== Try it ==
Exclude all pictures, then write out exactly the lines below from the first one through the line with "Ce cadre sculptural, nettoyé".
START Records provided
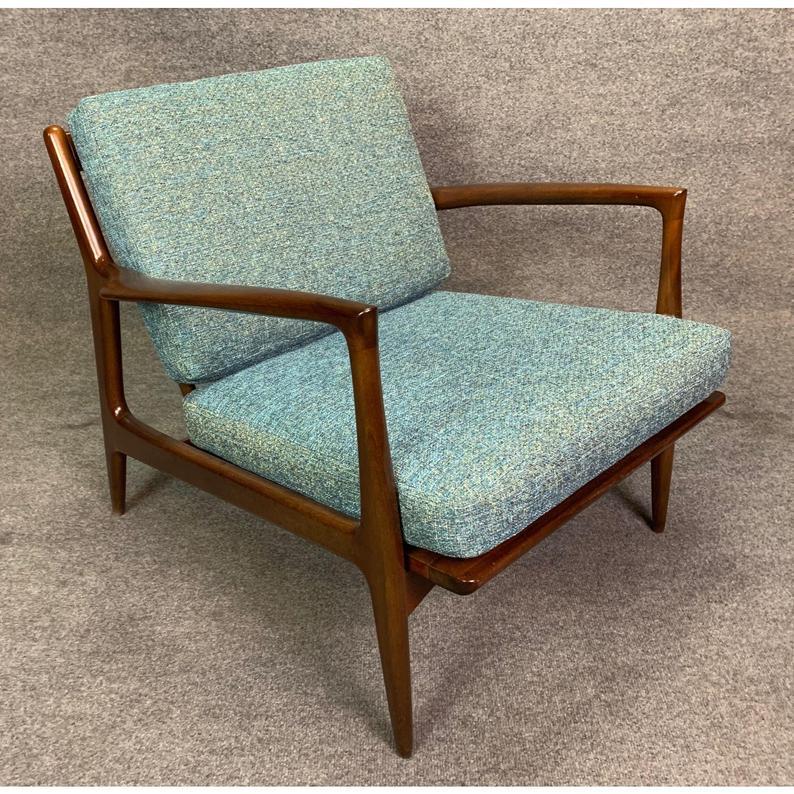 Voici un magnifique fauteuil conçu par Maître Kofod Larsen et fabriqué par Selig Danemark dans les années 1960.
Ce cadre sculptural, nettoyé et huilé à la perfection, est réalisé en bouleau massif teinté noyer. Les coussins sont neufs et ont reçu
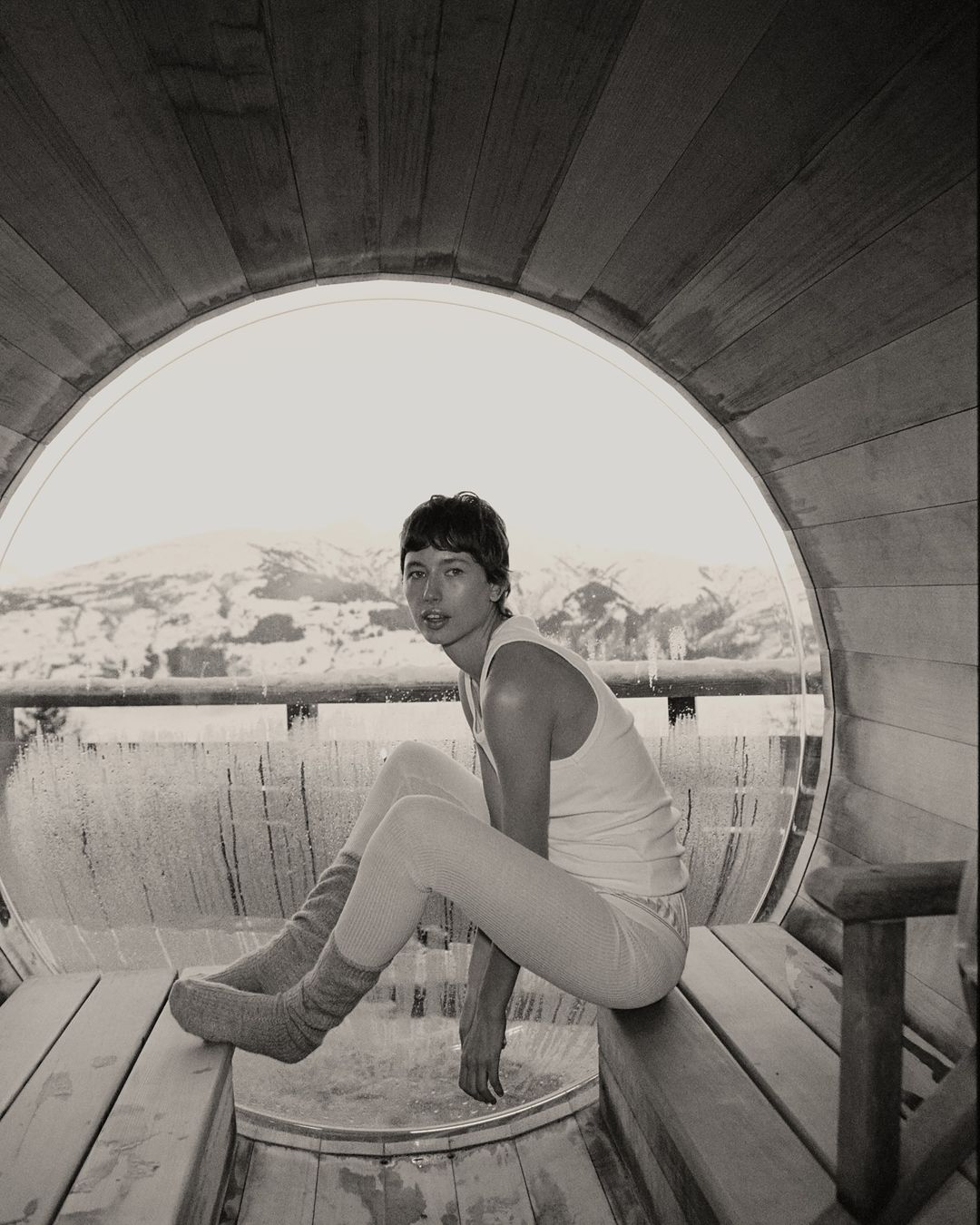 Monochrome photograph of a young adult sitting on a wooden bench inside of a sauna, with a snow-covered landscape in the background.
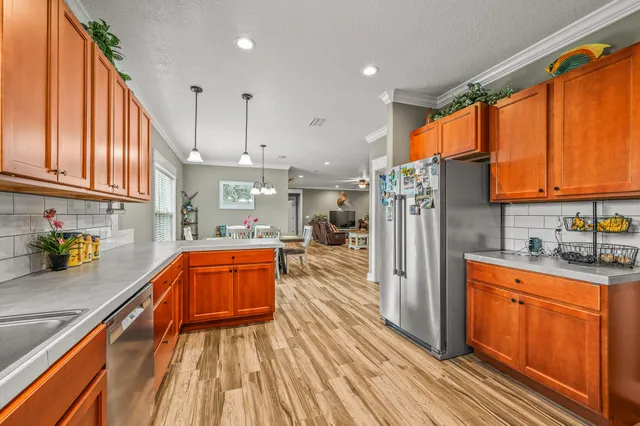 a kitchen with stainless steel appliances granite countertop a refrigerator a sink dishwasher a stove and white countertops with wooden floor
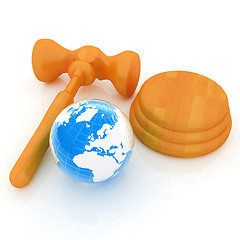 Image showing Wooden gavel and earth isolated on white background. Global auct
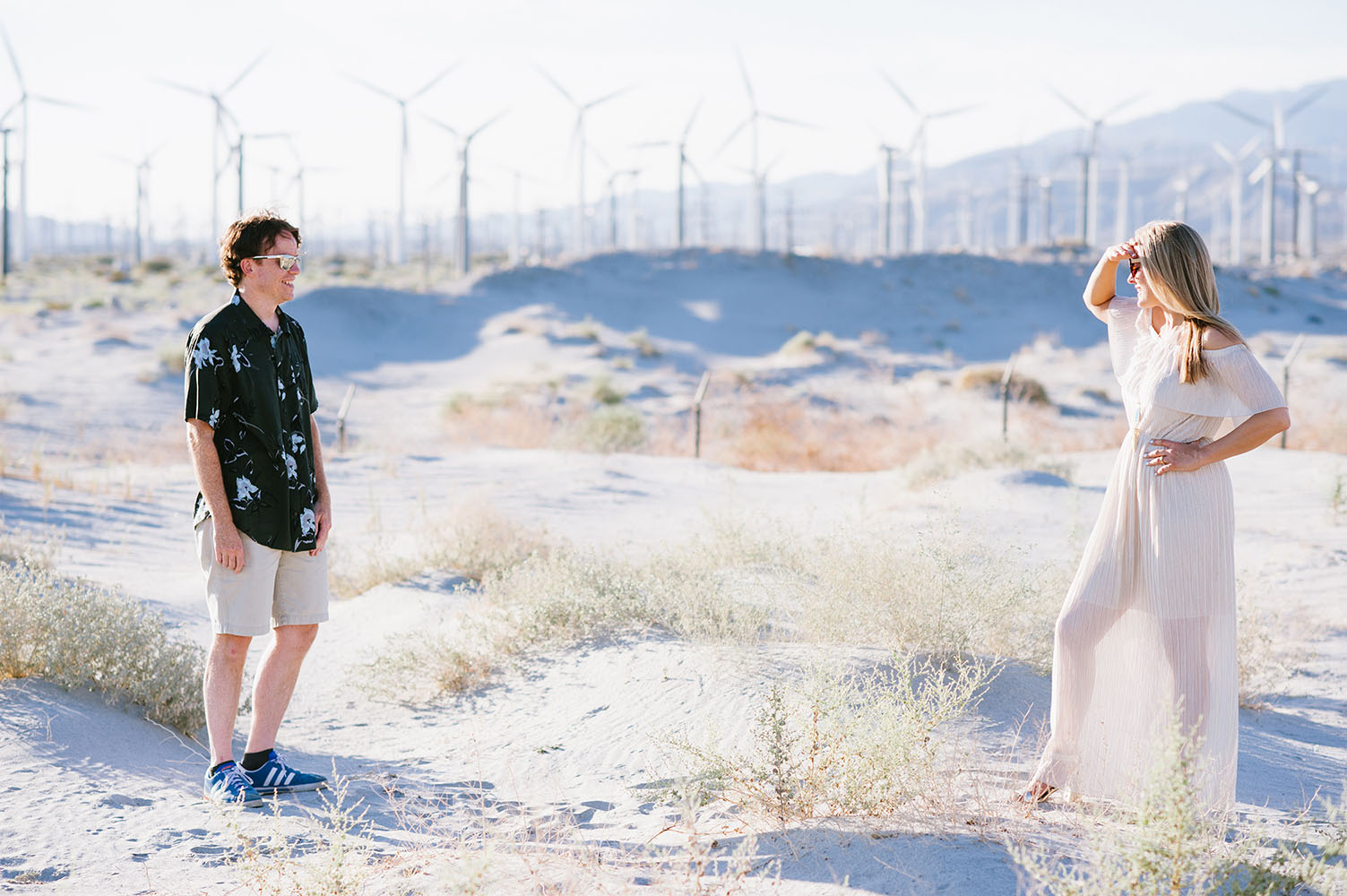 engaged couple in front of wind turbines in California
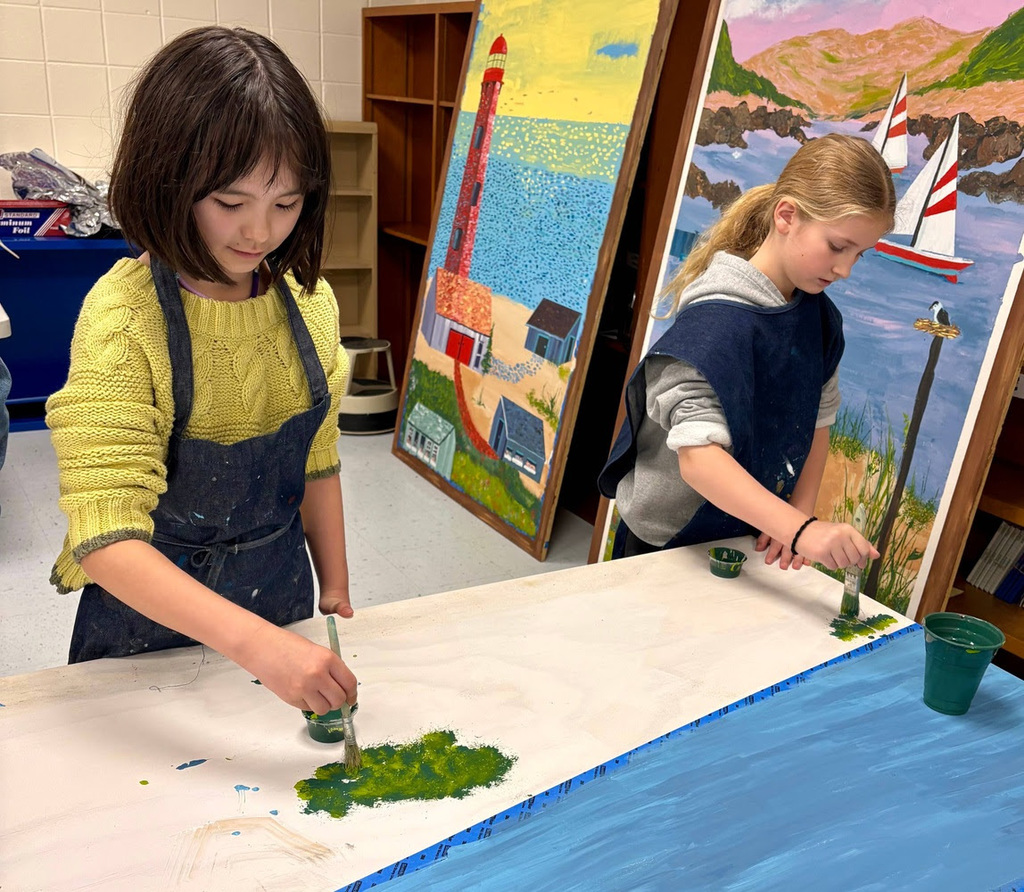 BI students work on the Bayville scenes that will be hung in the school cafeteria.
END Records provided
== Expected answer ==
 Voici un magnifique fauteuil conçu par Maître Kofod Larsen et fabriqué par Selig Danemark dans les années 1960.
Ce cadre sculptural, nettoyé et huilé à la perfection, est réalisé en bouleau massif teinté noyer. Les coussins sont neufs et ont reçu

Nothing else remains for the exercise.